Provided data START

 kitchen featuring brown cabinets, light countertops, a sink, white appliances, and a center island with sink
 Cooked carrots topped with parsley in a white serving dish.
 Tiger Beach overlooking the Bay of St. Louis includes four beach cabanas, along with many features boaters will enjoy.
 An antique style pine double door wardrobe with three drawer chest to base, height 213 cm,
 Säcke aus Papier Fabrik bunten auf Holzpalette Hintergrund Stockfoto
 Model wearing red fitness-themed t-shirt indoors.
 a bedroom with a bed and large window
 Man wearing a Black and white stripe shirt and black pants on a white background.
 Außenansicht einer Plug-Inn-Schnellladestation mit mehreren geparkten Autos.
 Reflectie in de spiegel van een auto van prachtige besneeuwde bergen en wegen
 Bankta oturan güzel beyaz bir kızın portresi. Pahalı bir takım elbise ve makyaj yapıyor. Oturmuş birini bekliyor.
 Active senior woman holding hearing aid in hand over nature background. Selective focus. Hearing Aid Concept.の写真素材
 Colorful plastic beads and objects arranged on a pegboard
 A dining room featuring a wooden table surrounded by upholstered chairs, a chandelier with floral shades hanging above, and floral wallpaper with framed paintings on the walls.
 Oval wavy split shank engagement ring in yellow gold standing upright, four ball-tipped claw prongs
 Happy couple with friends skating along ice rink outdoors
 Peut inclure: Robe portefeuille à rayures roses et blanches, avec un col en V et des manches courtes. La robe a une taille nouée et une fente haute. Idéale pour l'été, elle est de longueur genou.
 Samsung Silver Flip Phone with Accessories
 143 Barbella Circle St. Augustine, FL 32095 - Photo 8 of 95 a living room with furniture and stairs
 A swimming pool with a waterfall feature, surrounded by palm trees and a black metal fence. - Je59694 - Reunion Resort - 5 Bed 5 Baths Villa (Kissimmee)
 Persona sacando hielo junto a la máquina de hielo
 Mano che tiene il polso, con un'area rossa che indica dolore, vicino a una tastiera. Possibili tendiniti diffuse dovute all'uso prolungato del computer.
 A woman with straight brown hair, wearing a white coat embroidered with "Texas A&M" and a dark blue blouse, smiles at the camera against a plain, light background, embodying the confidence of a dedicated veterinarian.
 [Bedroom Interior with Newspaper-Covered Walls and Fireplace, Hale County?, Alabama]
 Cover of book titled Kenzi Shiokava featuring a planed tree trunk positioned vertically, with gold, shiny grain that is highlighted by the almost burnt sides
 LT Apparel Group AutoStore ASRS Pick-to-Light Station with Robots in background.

Provided data END

■ **Problem to solve**
Within the material above, copy exactly the lines from the line that holds "Oval wavy split" up to and including the line that holds "Samsung Silver Flip Phone with Accessories".

■ **Answer area**
 Oval wavy split shank engagement ring in yellow gold standing upright, four ball-tipped claw prongs
 Happy couple with friends skating along ice rink outdoors
 Peut inclure: Robe portefeuille à rayures roses et blanches, avec un col en V et des manches courtes. La robe a une taille nouée et une fente haute. Idéale pour l'été, elle est de longueur genou.
 Samsung Silver Flip Phone with Accessories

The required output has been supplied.